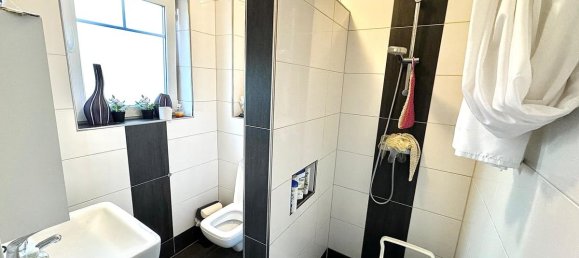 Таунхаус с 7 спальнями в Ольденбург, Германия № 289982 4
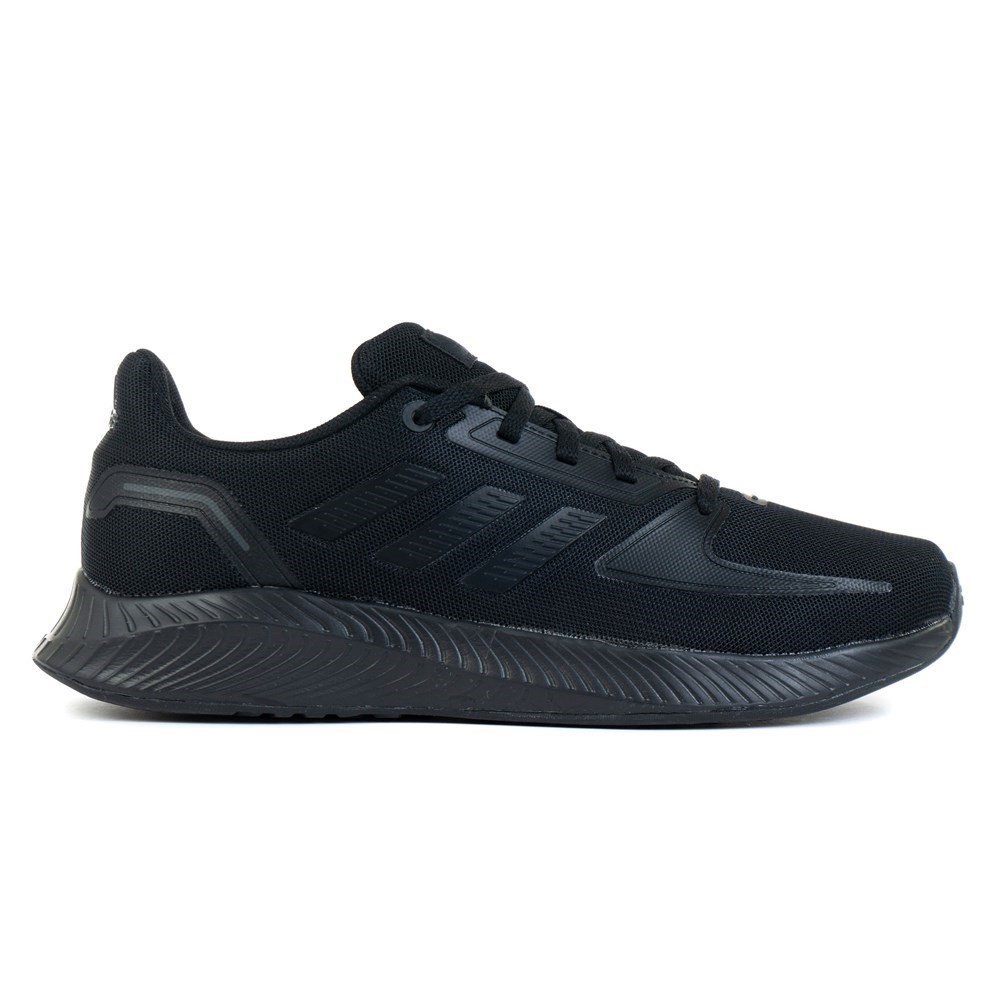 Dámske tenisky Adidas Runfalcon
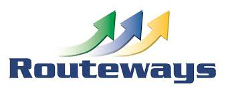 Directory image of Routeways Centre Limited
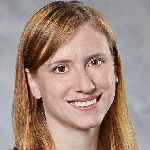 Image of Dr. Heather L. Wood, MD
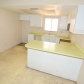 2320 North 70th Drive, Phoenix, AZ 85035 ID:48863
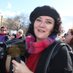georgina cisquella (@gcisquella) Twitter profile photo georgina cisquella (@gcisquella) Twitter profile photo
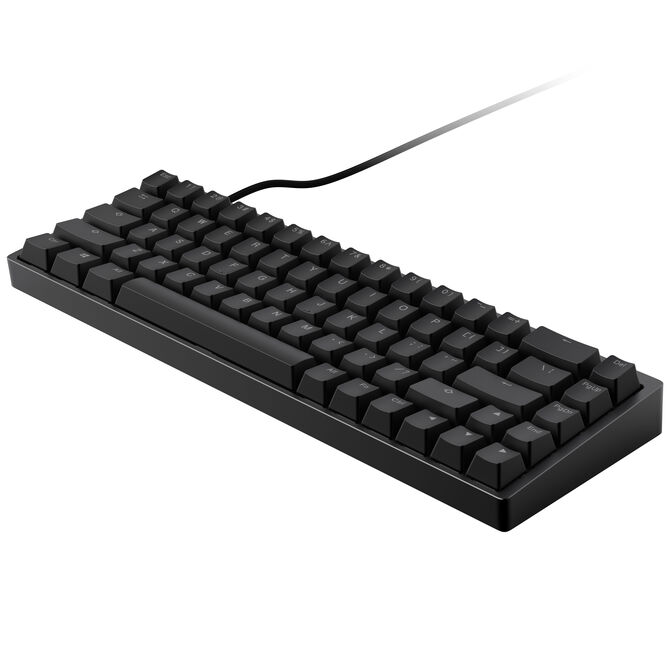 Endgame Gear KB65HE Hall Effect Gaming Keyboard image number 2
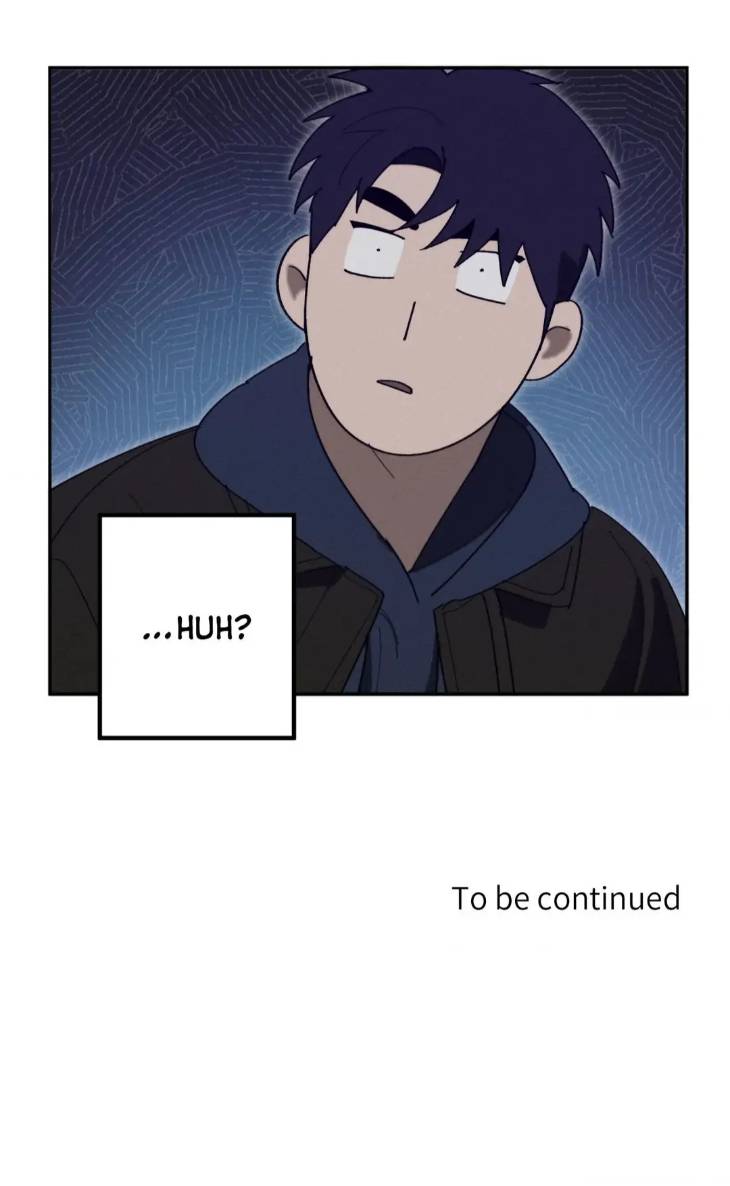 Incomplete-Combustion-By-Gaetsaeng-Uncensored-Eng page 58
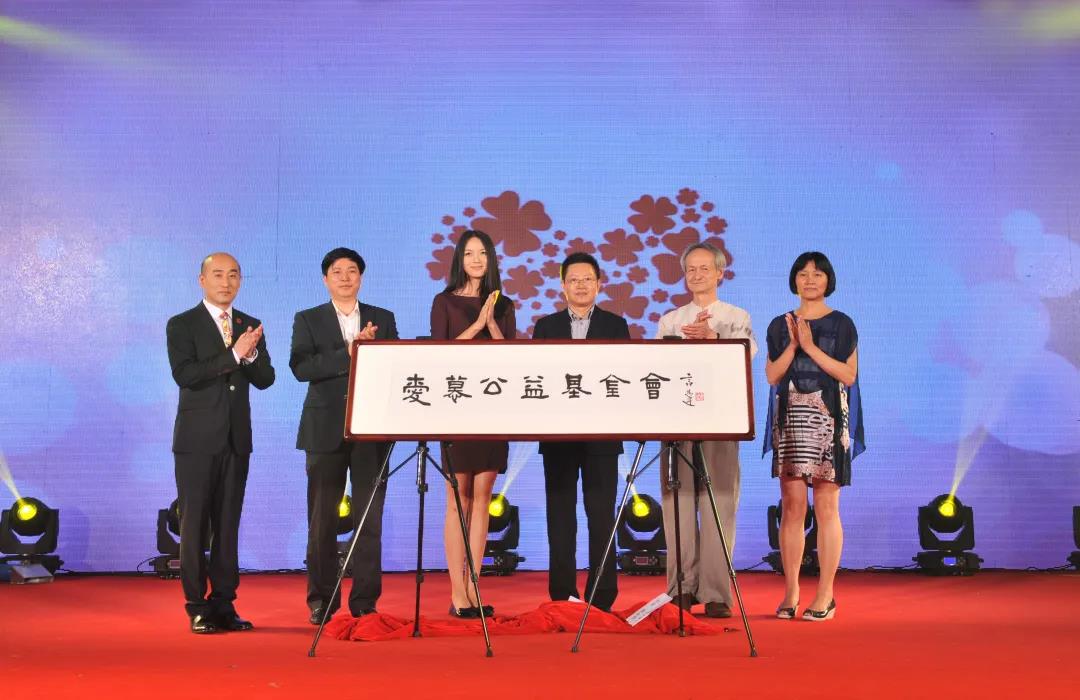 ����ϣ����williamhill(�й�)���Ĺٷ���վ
********
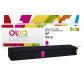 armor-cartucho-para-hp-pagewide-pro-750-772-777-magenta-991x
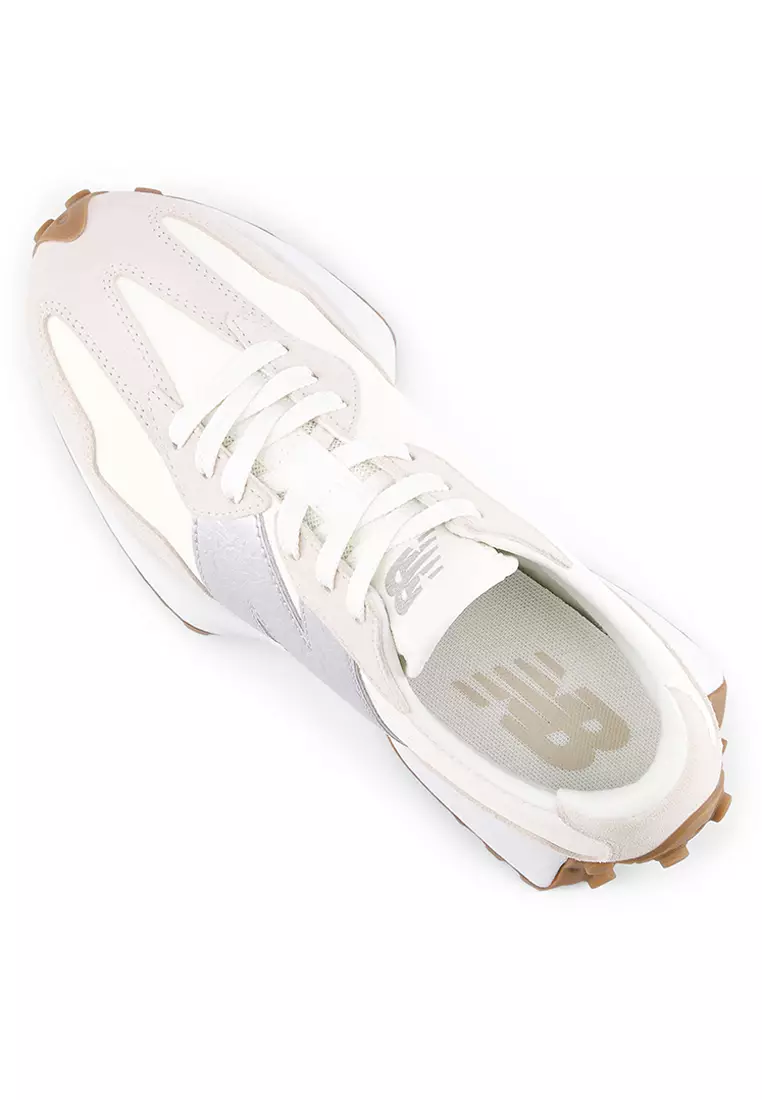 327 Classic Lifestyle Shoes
********
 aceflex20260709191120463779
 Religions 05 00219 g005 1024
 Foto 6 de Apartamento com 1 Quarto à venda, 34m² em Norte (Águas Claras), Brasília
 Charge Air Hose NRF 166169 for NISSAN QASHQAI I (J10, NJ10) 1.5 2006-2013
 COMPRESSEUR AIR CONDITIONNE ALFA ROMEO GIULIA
********
Could you transcribe the entries above word for word, from the line with "Foto 6 de Apartamento" down to the line with "COMPRESSEUR AIR CONDITIONNE", keeping both?

 Foto 6 de Apartamento com 1 Quarto à venda, 34m² em Norte (Águas Claras), Brasília
 Charge Air Hose NRF 166169 for NISSAN QASHQAI I (J10, NJ10) 1.5 2006-2013
 COMPRESSEUR AIR CONDITIONNE ALFA ROMEO GIULIA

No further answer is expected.